The United States House of Representatives has passed the $400 billion 2004 Defense Authorization Act that includes $1.3 billion in defense spending impacting Southeast Alabama, Congressman Terry Everett, R – Ala., announced Thursday.
Everett, chairman of the House Armed Services Subcommittee on Strategic Forces, secured $342 million in additional funding for Southeast Alabama defense programs, including training and testing at Fort Rucker, new construction at Maxwell-Gunter, new Blackhawk helicopter production at Tallassee and testing of a new anti-missile system to be partially produced at Pike County's Lockheed Martin.
Randy Stevenson, general manager at Lockheed, was pleased with the news.
"As a site we are pleased with the bill that has been passed and we are pleased with the security of the work that will result from that bill. We appreciate the efforts of Senators Sessions and Shelby and Rep. Everett," he said.
Stevenson said the additional funding will "not necessarily" result in additional hiring, but would sustain current work efforts.
Of particular interest will be the THAAD program, Stevenson said, and facilities are currently being constructed for the manufacture of the intercept missiles.
According to Stevenson, the missiles will be flight-tested somewhere over the Pacific Ocean.
"The ongoing war against terrorism and the successfully-fought military operation in Iraq were aided in large part by high-tech smart weaponry like the Hellfire missile produced in Pike County," Everett said. "I am confident that the military will continue to rely on these systems for their exceptional capability to take out the enemy. Indeed, the 2004 Defense Authorization Act includes $235 million for missile systems partially produced at Pike County's Lockheed Martin. The new defense budget also continues plans to read a new anti-missile system for production in Pike County by year's end."

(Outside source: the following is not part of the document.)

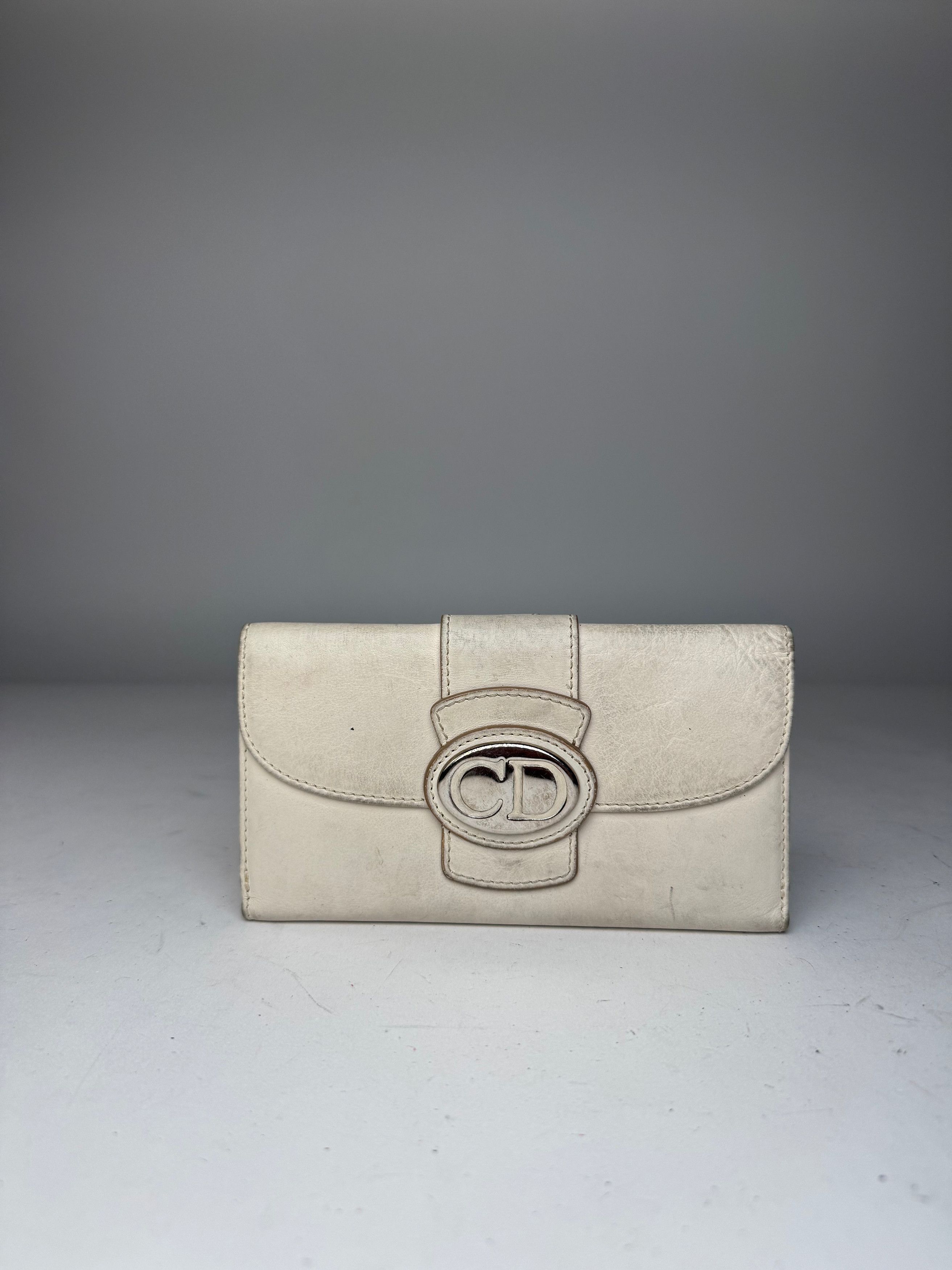 Dior Vintage CD Leather Wallet White Size ONE SIZE - 11 Thumbnail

Everett supported the Administration's request for $703 million for the Theater High Altitude Aerial Defense anti-missile system that will ultimately be produced at Lockheed Martin in Pike County. Furthermore, Everett secured an additional $37 million to speed up testing of the new system to ensure that production can begin on time. The THAAD missile program will be tested elsewhere, but the assembly of the new missile system is slated to begin in Pike County by year's end.

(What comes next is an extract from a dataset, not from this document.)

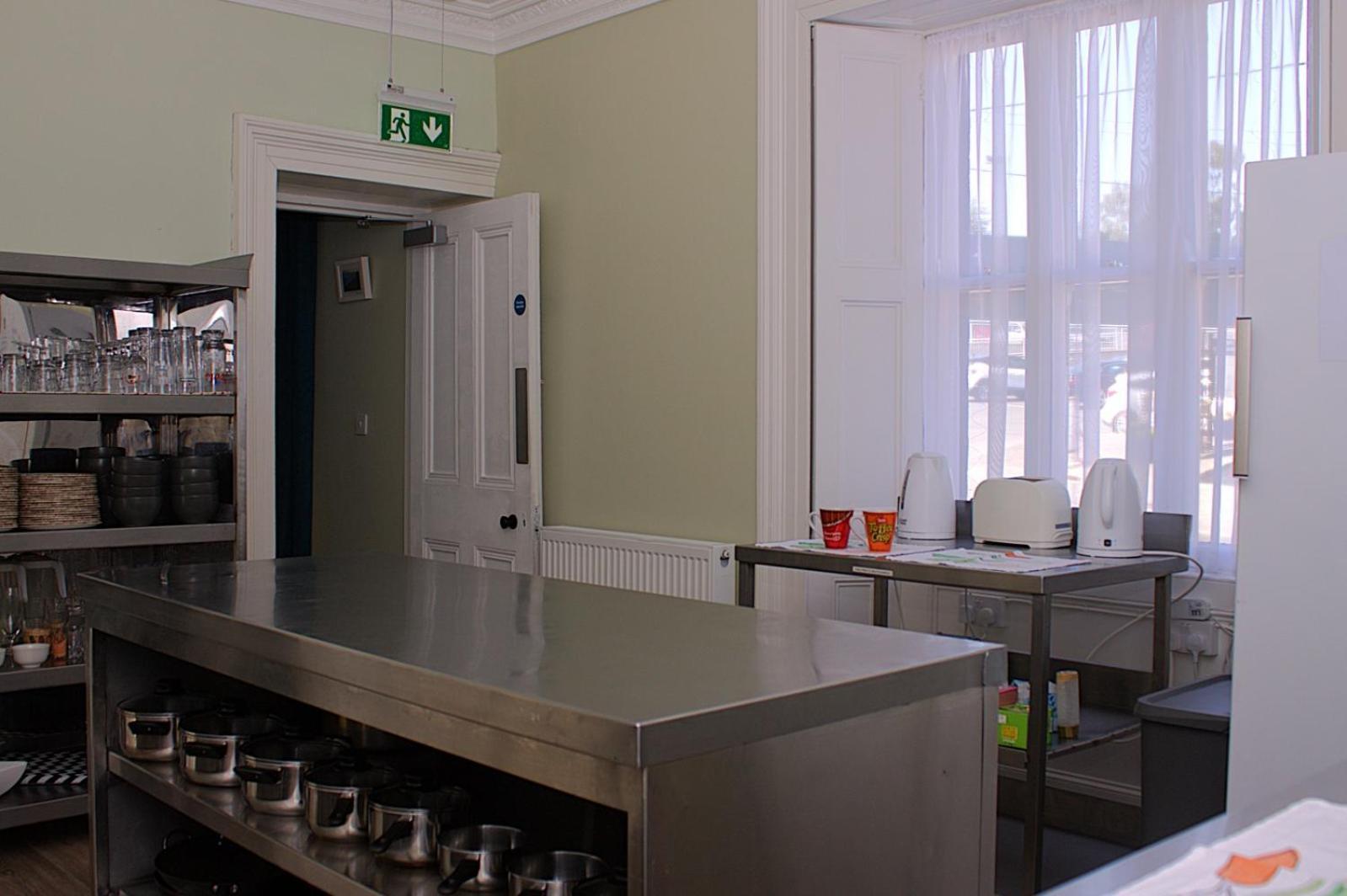 The Monkey Puzzle Hotell Bunclody Exteriör bild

Gordon Mitchell, a professor at the University of Pittsburgh who has authored a book and numerous articles on missile defense said that the THAAD program is among the most visible of the national missile defense programs.
"The president just signed a national security presidential directive on missile defense that clarifies what the administration's goals are," Mitchell said. "First is the erasure of the difference between national missile defense and theater missile defense. The administration is looking for a global architecture that would ostensibly protect the United States and our allies."
Mitchell is referring to the directive issued last week by Bush describing his approach to deploying missile defenses and encouraging America's allies to join in the effort. Bush said his objective was to counter enemies around the world who try to use long-range missiles "as tools of extortion and aggression."
Mitchell said the importance of the NMD program being constructed in Pike County is of utmost importance in the new Bush plan.
"THAAD is being looked at to protect Asian allies, particularly Japan, and protect the United States from North Korean missiles," he said. "In terms of the contemporary relevance of THAAD, it's growing, in light of the current crisis in North Korea."
Bush has repeatedly charged nations such as North Korea with using its nuclear and missile programs to try "blackmail."
"What's significant," Mitchell said, "is that it's no longer being discussed as a shield, in terms of protecting the United States, but more in terms of coercive diplomacy. It's just to hedge against the risk of launch against the United States and it's not so important that it actually stop anything. It's just to decrease the risks."
This shift marks a change from previous eras when NMD was thought to be a sort of "force field" against incoming missiles.
"It's a shift from Reagan era when it was to make nuclear weapons completely obsolete and function as an Astrodome-like shield," Mitchell said. "Now it's just an incremental tool to be used in diplomacy."
The other significant development in the area of NMD, Mitchell said, is increased cooperation from Russia.
"Russia has agreed to work with the United States on some missile defense, but has attached some requirements that the U.S. forgo the weaponization of space," he said. "Interceptors like THAAD are more effective against satellites than against missiles. The tests have been good tests of the ability to knock out fixed-orbiting satellites. Some analysts have suggested that the purpose of the NMD program has been less to defend against missiles, than as a covert anti-satellite program designed to solidify American space control."